## Data section
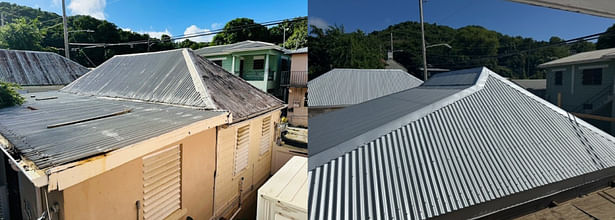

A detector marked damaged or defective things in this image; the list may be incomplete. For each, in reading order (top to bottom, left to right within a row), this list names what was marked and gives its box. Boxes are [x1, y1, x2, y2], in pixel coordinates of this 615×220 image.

rusted metal roofing sheet [0, 49, 88, 86]
rusted metal roofing sheet [62, 48, 284, 121]
rusted metal roofing sheet [308, 68, 424, 107]
rusted metal roofing sheet [0, 91, 224, 168]
rusted metal roofing sheet [308, 68, 615, 219]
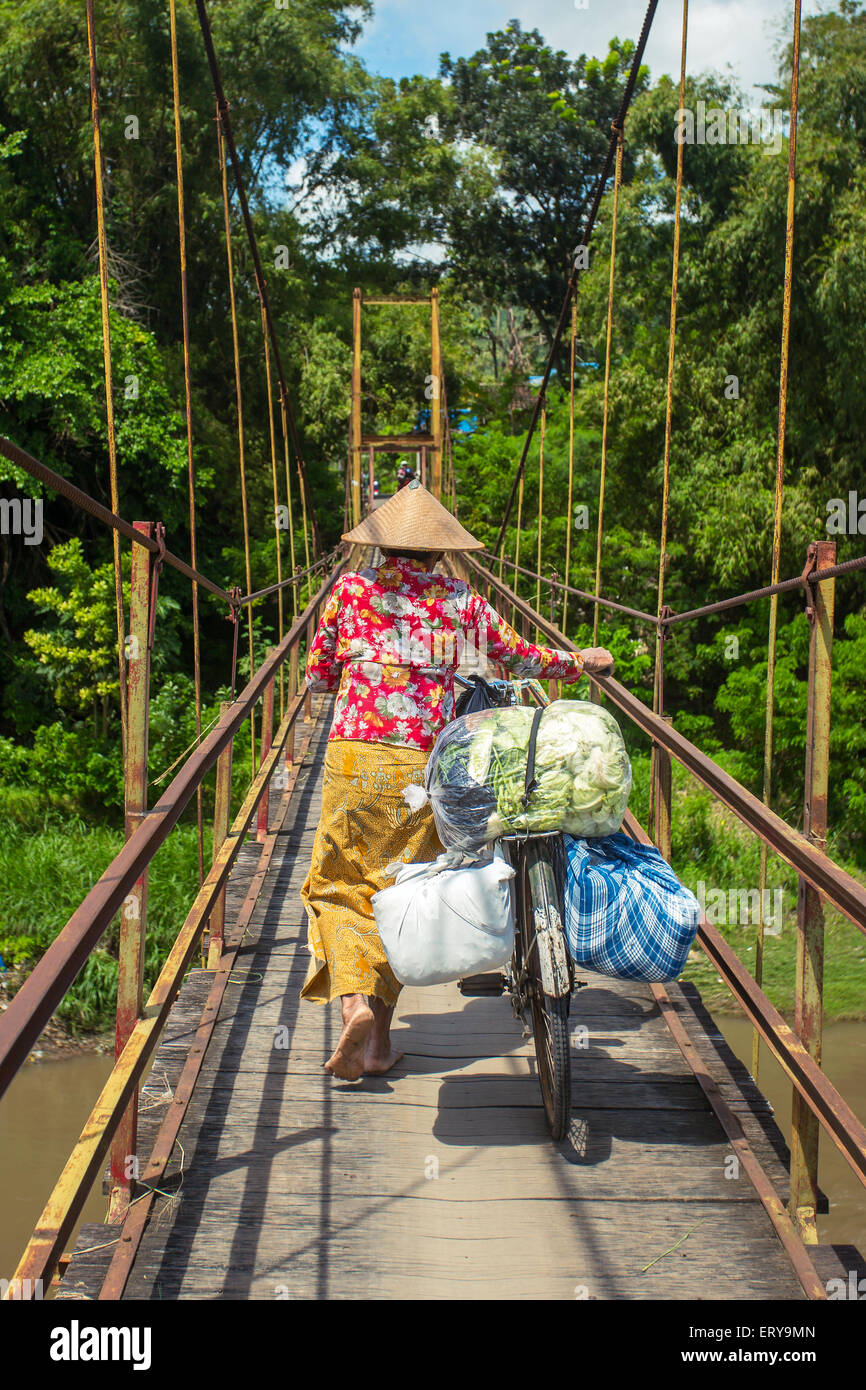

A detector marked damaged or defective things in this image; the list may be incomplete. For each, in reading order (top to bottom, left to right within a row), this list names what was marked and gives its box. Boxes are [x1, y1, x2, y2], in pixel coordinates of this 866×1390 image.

rusty steel railing post [108, 519, 155, 1217]
rusty steel railing post [208, 706, 234, 967]
rusty steel railing post [255, 656, 276, 839]
rusty steel railing post [789, 536, 839, 1245]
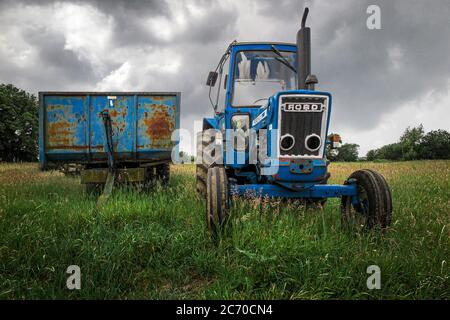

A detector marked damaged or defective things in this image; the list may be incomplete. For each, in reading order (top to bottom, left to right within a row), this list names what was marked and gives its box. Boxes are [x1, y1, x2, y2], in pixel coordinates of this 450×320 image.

rusty metal trailer [38, 91, 179, 191]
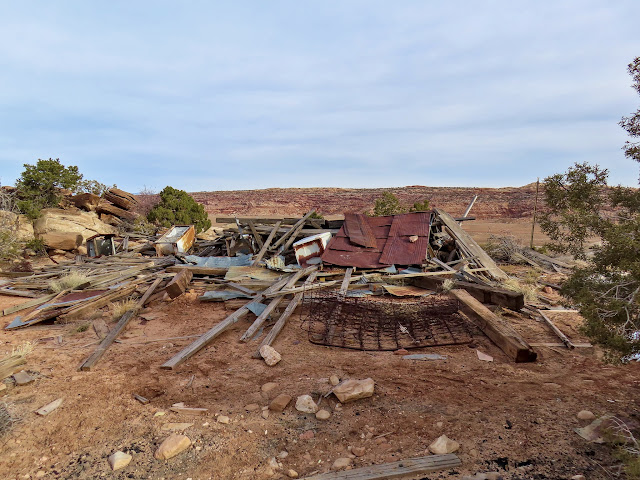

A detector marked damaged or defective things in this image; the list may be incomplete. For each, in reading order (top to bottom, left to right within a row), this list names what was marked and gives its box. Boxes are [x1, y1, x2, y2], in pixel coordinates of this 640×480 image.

rusty corrugated metal [322, 212, 432, 268]
broken wooden beam [164, 268, 191, 298]
broken wooden beam [160, 276, 292, 370]
broken wooden beam [412, 278, 524, 312]
broken wooden beam [450, 286, 536, 362]
broken wooden beam [300, 456, 460, 478]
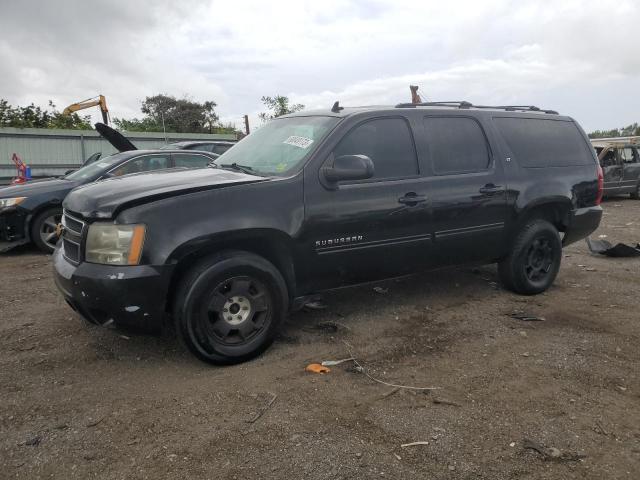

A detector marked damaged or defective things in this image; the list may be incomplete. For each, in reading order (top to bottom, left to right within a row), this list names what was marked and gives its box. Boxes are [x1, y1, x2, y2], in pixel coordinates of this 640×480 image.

damaged front bumper [52, 248, 174, 330]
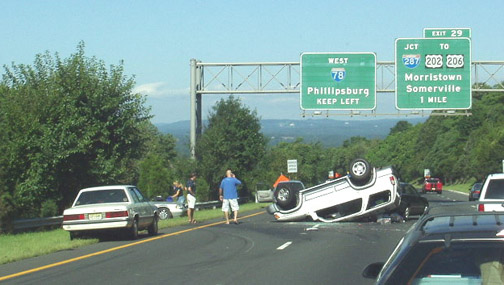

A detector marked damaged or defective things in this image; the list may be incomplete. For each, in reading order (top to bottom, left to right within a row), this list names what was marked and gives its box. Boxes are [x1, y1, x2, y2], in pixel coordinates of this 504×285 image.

overturned white suv [266, 158, 400, 222]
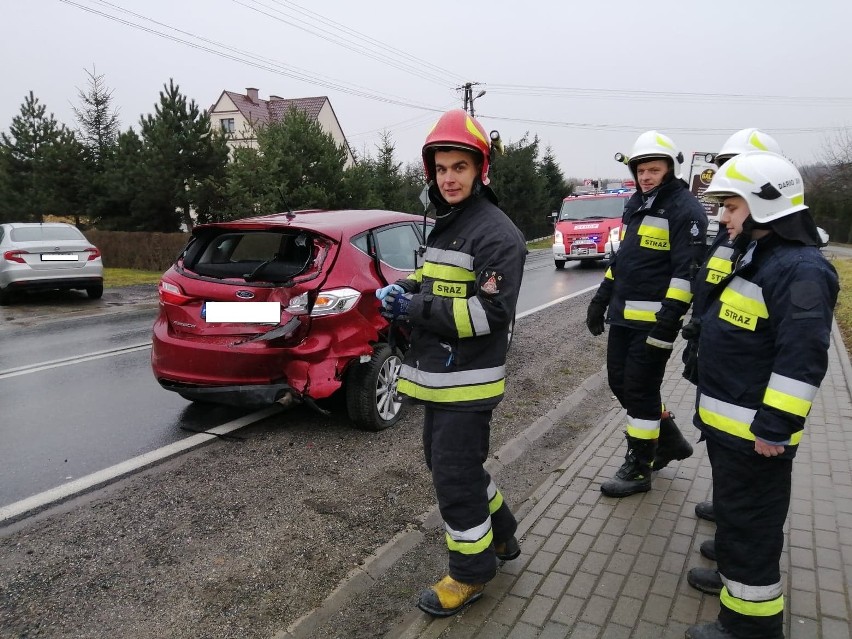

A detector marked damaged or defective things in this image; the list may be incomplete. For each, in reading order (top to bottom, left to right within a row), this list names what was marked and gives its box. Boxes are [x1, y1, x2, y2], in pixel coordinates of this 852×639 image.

red damaged car [151, 209, 430, 430]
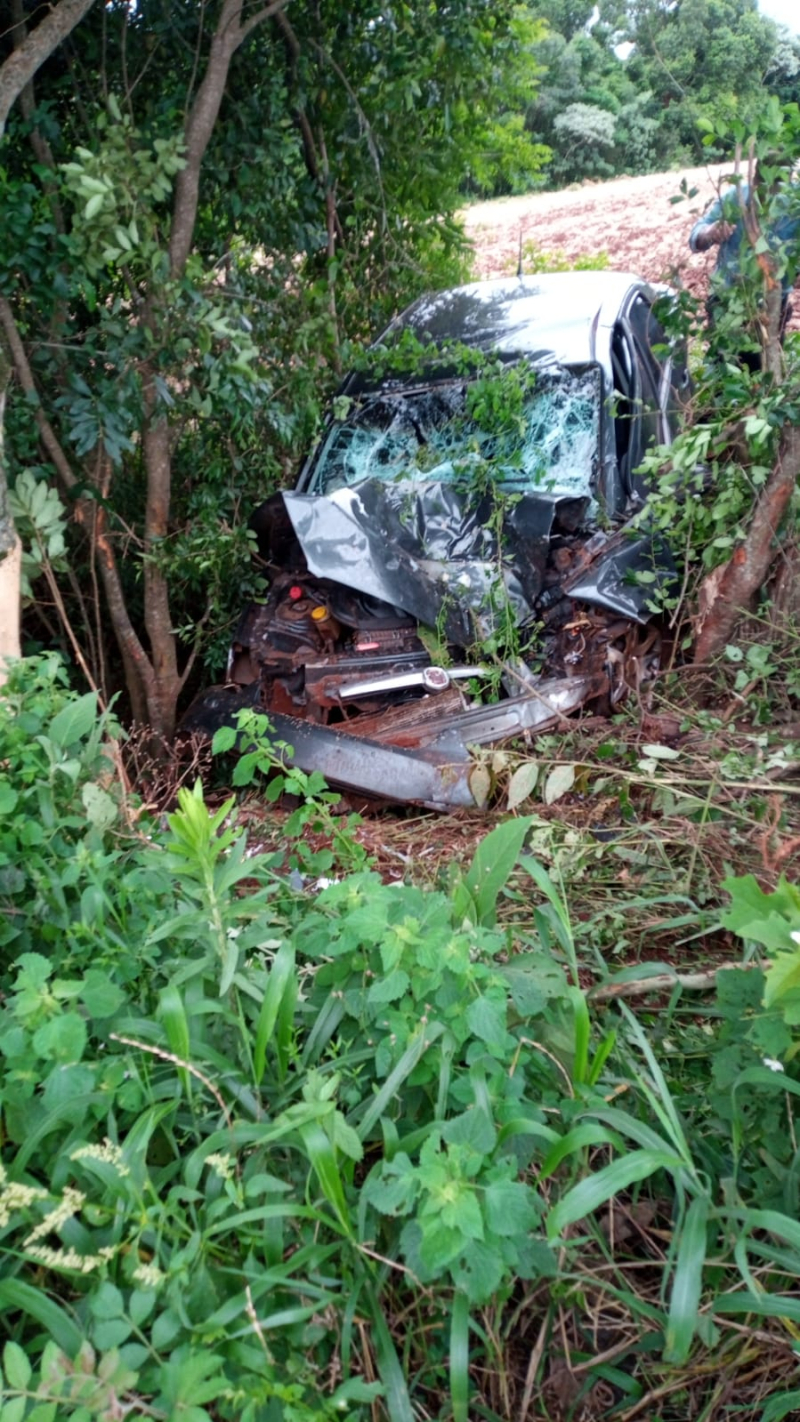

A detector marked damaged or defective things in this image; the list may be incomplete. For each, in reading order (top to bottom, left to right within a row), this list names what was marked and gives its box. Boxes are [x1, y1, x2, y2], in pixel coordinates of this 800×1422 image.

## Task details
With the pictures omitted, the records above are to be repeated exactly.

## Solution for this task
A detector marked damaged or defective things in this image; the list may be incomplete. For each, in reading order (top to bottom, left to right within a row), this list names what was marked and gives its box. Boxes are [x1, y1, x2, y2], in pixel coordinates of this 615×220 image.

rusted metal roofing sheet [0, 49, 88, 86]
rusted metal roofing sheet [62, 48, 284, 121]
rusted metal roofing sheet [308, 68, 424, 107]
rusted metal roofing sheet [0, 91, 224, 168]
rusted metal roofing sheet [308, 68, 615, 219]

A detector marked damaged or defective things in this image; the list may be incomplete. For each, in reading order (top to bottom, left to right within a row), this list names what was marked and gives its box. Boxes are [x1, y1, x2, y2], in pixel coordinates of this 866×1390 image.

rusty steel railing post [108, 519, 155, 1217]
rusty steel railing post [208, 706, 234, 967]
rusty steel railing post [255, 656, 276, 839]
rusty steel railing post [789, 536, 839, 1245]

A detector marked damaged or defective things in this image; the list may be incomplete. For each, in reading order (top to bottom, left to right within a row), this list names what was marked and gives its box. Boxes are [x1, y1, x2, y2], in pixel coordinates of this 450×320 image.

rusty metal trailer [38, 91, 179, 191]

A detector marked damaged or defective things in this image; the list may be incomplete. For each, in reading order (top to bottom, left to right within a row), this list names what was marked and gives its box. Boxes are [x1, y1, x2, y2], in pixel coordinates of this 640×480 image.

rusty corrugated metal [322, 212, 432, 268]
broken wooden beam [164, 268, 191, 298]
broken wooden beam [160, 276, 292, 370]
broken wooden beam [412, 278, 524, 312]
broken wooden beam [450, 286, 536, 362]
broken wooden beam [300, 456, 460, 478]

A detector marked damaged or defective things in this image; the list may be incomplete. For each, in reading order (top to bottom, left to right within a row), this list names what was marked and gives its box. Boxes are [x1, y1, x2, y2], in pixel coordinates of this 640×480 image.

damaged front bumper [52, 248, 174, 330]

A detector marked damaged or defective things in this image; the list may be incomplete. For each, in reading order (top to bottom, left to right within a row), this list names what was marked and gives its box. Boxes are [x1, y1, x2, y2], in pixel coordinates of this 504×285 image.

overturned white suv [266, 158, 400, 222]

A detector marked damaged or defective things in this image; the list may be incomplete. For each, in reading order (top to bottom, left to right within a row), this list names what was marked and gives its box. Boxes are [x1, y1, x2, y2], in pixel coordinates of this 852×639 image.

red damaged car [151, 209, 430, 430]

A detector marked damaged or defective things in this image; the list may be incomplete. For each, in reading order (top to bottom, left to right within a row), this list names what was marked and gives its box. Boxes are [x1, y1, x2, y2], in pixel coordinates of this 800×1422 image.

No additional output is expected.